One of South Asia’s most widely published columnists, Bidwai is a social science researcher and activist on human rights, environment, global justice and peace. Clearly, a work of love, the book has been put together very painstakingly. The results are obvious not just from the selection of topics as chapters, but also the collection of notes at the end of each chapter, pointing readers to explore, educate and seek answers of their own accord. The book is a marvellous example of intelligent critiquing but it does not stop there; it goes on to suggest possible solutions to dilemmas in the climate change arena.

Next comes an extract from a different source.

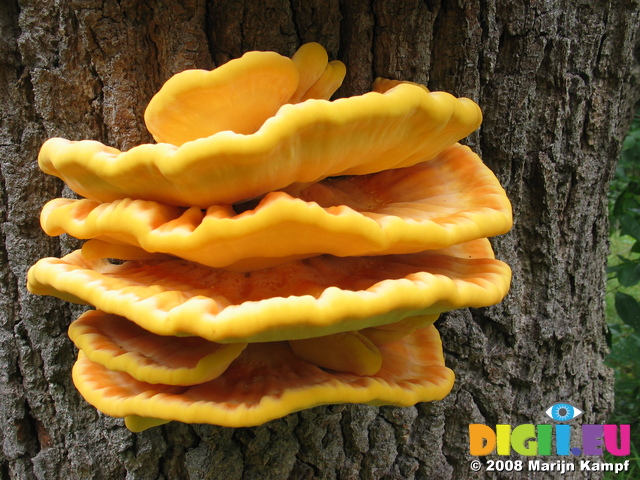 28109 Big Yellow Mushrooms on Tree - Sulfur Shelf (Laetiporus sulphureus)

Aside from the history of climate change negotiations and where they stand today (a must for all students of climate change), Bidwai tackles India’s role in the crisis, how it should respond and why its sabre rattling (read “growth at all costs”) has been to the country’s own detriment, in a very frank and transparent manner. While Bidwai accepts that India has a powerful case on the right to development because a majority of its people lack the bare necessities of survival, he believes that the government is wrong in insisting that the world must respect and accept the economic model India is pursuing. After all, India’s myopic stance on GDP growth at all costs has not helped the poor thus far, and is not likely to help them in the future.
Low-carbon path is the only way to go, and Bidwai excels at describing the many practical and proven options available to the government in pursuing this path, be it reducing energy use in agriculture, regenerating abandoned rocky land by organisation Seeds to Fruit in Tamil Nadu, sustainable water use through the system of rice intensification, or junking the ubiquitous energy-guzzling urban bane called the air-conditioner for passive (read “free”) cooling methods. As Bidwai puts it “at the core of this agenda is the imperative to raise the standard of living of the poor, and reach modern energy services to them”.
Particularly insightful is Bidwai’s scathing critique of the Indian National Action Plan on Climate Change, LEED (Leadership in Energy and Environmental Design) rating system of the US Green Building Council, Carbon Capture and Storage, and the most revered (or reviled, depending which side you are on) invention in the field thus far—the Clean Development Mechanism or CDM.
The book would not be complete without a discussion of nuclear power in general, what it means to India, and why it is a false promise for nations aspiring to a low-carbon economy. Bidwai includes an entire chapter on the global revolution wrought by renewable energy technologies such as wind and solar power. In a nutshell, the book is highly recommended reading for politicians, citizens, entrepreneurs, researchers and students—in that order.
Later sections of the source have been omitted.